今必要とされる「生前整理」と「老前整理」

年々高齢化が進む日本国内ですが、それにともなって重要性が広く言われるようになってきたのが「生前整理」です。

現在既に後期高齢者となっている世代と比較して定年退職を迎えたばかりの60代くらいの人は高齢化に対しての問題意識が非常に高く、自分の老後や死亡後のことについてかなり真剣に考えているという人も多く見られます。

これは実際に自分の祖父母や両親の死に立ち会った経験や認知症の介護をしたということによる経験が関係していると思いますが、ほぼ寝たきりになってしまったり自分の意志をきちんと示すことができなくなってしまってからの家族の負担は相当なものとなります。

また仮に意識がしっかりしているとしても高齢者ともなるとある日突然に倒れてそのまま数日もしないうちに亡くなってしまったなんていうケースも決して珍しくなく、そうしたときには短時間のうちにたくさんのことを遺族は処理していかなければいけません。

健康なうちはいつまでもこの生活が続くものというふうに考えてしまうため、亡くなったあとに必要になる処理ということはそうそう想像することはできません。

生前整理をするということは遺族の負担を大きく減らすことができるだけでなく、亡くなったあとに残したいものや逆に残したくないものを自分の意志でコントロールをしていくことができます。

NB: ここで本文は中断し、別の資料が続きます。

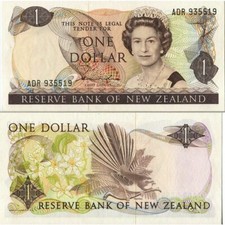 ND (1981-92) * Banconota Nuova Zelanda 1 Dollar "Elisabetta II" (p169a) qFDS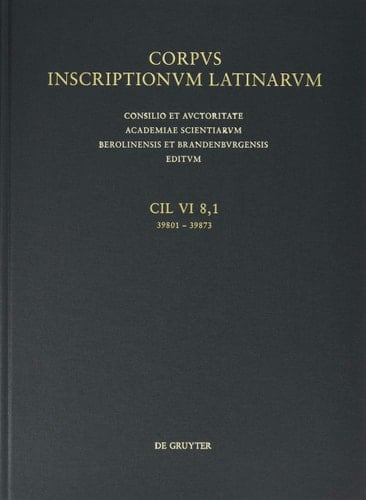 Inscriptiones urbis Romae latinae: 1. Index nominum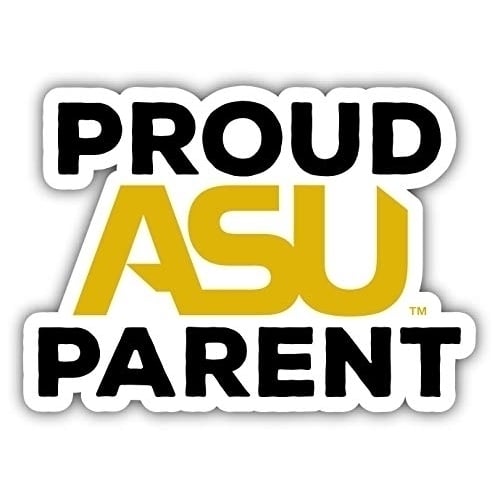 Alabama State University Proud Parent Decal 4 Pack Image 1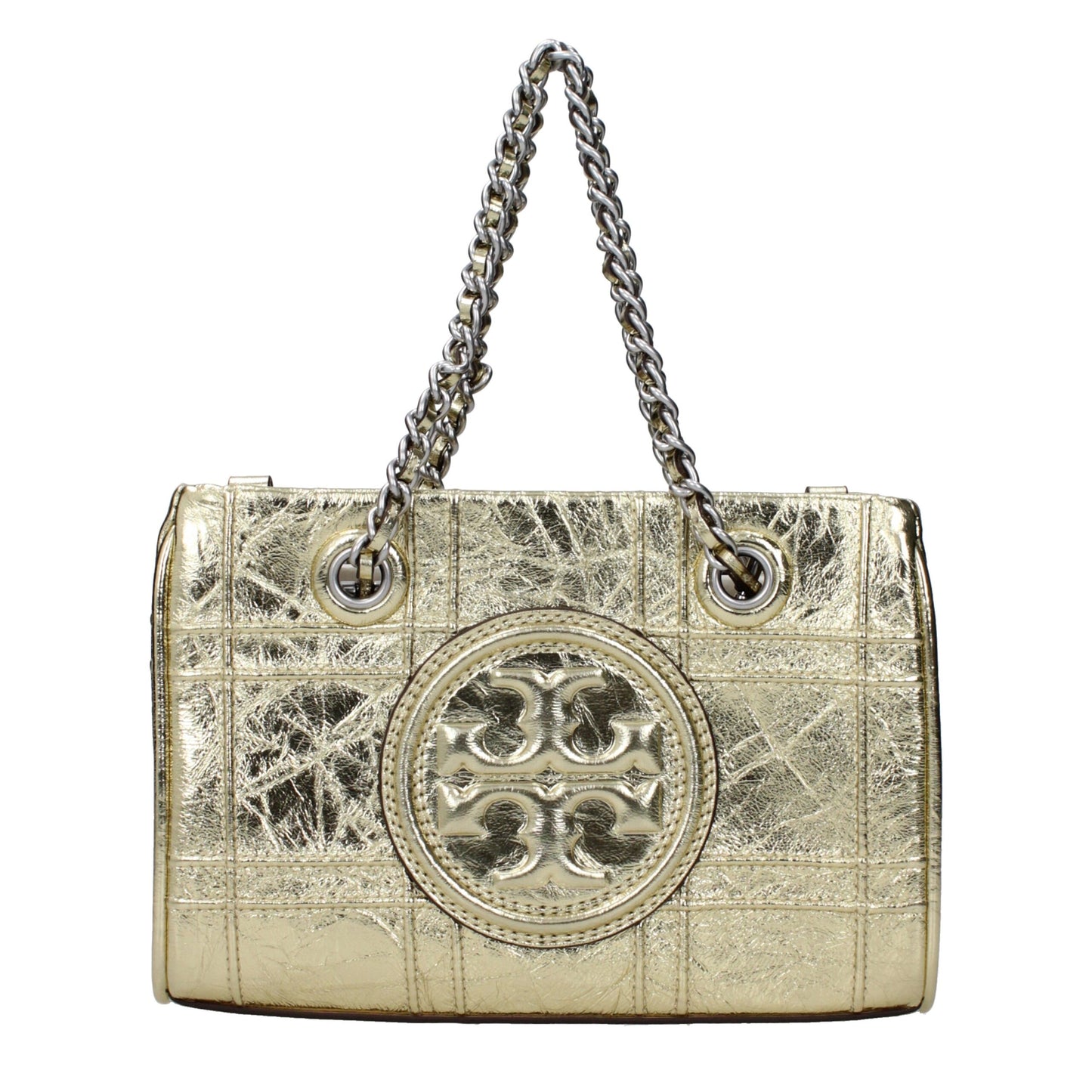 Gold Leather Handbag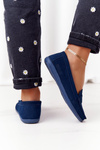 Women's Suede Moccasins Big Star HH274663 Navy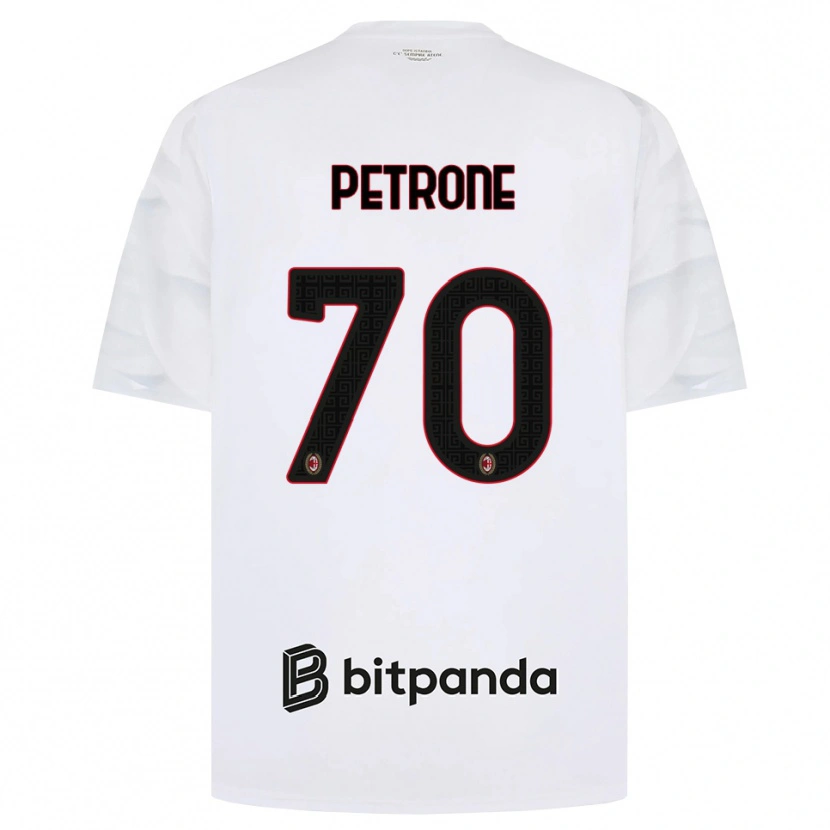Danxen Femme Maillot Daniele Petrone #70 Blanc Rouge Noir Tenues Extérieur 2026/27 T-Shirt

死亡というところまでいかなくとも、脳梗塞などで体の一部がきかなくなってしまったり、認知症で正しい判断をすることができなくなってしまう可能性もあるため、「生前整理」だけでなく「老前整理」として早めに取り組んでおくことがすすめられます。

主な生前整理の内容とは

生前整理をする主な目的としては、まず自分の持ち物を整理しているものといらないものを判別するということがあります。

古い住宅に長く住んでいるという方であれば、蔵や押し入れの中に今では貴重な工芸品などが1つ2つ残っているということもあるでしょう。

しかし家族が普段遠方で生活をしていたり、そうした先祖伝来の品についての話をきちんとしていないときにはそうした貴重な遺品たちももしかしたら粗大ごみ扱いをされて捨てられる可能性もあります。

亡くなったあとにきちんと遺品を正しい価値をもとに処理してもらうためにも、まず今の住居にどういった品物がありどんな価値があるかということをまとめておく必要があります。

また住宅や土地といった不動産があったり、車や芸術品のような高価な動産がある場合にも、自分の死後どういった引き継ぎ方をしてもらいたいかを残しておくことで遺族同士があとでもめるということがありません。

生前整理ではわかりやすい書面として残しておくようにするとともに、可能であれば関係する家族に直接伝えて納得をしてもらうようにしたいところです。

生前整理をすることは気持ちの整理にもつながる

日本では発した言葉に魂が宿るというような言霊的な伝承があることから、生前から死後のことを語るのは縁起が悪いという意識がもたれがちです。

ですが不吉だからといって口に出さなくても、人である限りは必ずいつかは亡くなる瞬間を迎えます。

むしろ生前のうちに処理をしておきたいことをまとめておくことで、もし生命の危機を迎えたとしても心安らかにそれを迎え入れることができるということもあります。

あえて自分の死後を意識することで今生きているということのありがたみを噛みしめることができるという高価もあるため、ぜひ実際に老いる前に生前整理を始めてみてください。